[Opening Records shown section]

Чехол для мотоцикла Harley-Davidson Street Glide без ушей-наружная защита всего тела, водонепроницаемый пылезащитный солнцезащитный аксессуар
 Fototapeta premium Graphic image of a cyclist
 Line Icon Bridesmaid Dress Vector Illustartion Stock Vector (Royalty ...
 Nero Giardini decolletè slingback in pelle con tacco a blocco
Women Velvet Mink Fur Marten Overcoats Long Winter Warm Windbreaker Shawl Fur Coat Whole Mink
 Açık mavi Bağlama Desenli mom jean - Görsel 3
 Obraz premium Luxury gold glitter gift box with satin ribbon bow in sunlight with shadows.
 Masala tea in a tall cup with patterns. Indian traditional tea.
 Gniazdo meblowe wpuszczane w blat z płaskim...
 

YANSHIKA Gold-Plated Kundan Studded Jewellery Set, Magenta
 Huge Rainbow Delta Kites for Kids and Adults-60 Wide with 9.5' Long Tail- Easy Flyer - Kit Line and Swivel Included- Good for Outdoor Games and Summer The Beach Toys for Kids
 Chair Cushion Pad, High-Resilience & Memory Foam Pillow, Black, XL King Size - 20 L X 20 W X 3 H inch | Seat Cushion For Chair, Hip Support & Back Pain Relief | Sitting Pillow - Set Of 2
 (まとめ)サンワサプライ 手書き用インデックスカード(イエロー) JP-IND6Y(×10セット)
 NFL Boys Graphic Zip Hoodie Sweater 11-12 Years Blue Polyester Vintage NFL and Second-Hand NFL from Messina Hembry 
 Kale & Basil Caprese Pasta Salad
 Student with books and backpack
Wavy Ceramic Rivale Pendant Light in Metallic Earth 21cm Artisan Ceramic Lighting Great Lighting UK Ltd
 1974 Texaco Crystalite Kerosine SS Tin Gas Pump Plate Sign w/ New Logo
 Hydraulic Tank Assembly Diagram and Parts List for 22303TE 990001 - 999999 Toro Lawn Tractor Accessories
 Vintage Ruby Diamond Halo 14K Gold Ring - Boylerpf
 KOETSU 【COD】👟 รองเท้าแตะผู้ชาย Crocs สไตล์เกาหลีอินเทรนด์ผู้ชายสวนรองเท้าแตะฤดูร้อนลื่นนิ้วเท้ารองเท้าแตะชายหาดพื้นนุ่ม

[Closing Records shown section]

- **What is being asked**
Only the lines from the beginning of the data above through the line containing "Gniazdo meblowe wpuszczane" should be repeated, exactly as they appear.

- **Expected output**
Чехол для мотоцикла Harley-Davidson Street Glide без ушей-наружная защита всего тела, водонепроницаемый пылезащитный солнцезащитный аксессуар
 Fototapeta premium Graphic image of a cyclist
 Line Icon Bridesmaid Dress Vector Illustartion Stock Vector (Royalty ...
 Nero Giardini decolletè slingback in pelle con tacco a blocco
Women Velvet Mink Fur Marten Overcoats Long Winter Warm Windbreaker Shawl Fur Coat Whole Mink
 Açık mavi Bağlama Desenli mom jean - Görsel 3
 Obraz premium Luxury gold glitter gift box with satin ribbon bow in sunlight with shadows.
 Masala tea in a tall cup with patterns. Indian traditional tea.
 Gniazdo meblowe wpuszczane w blat z płaskim...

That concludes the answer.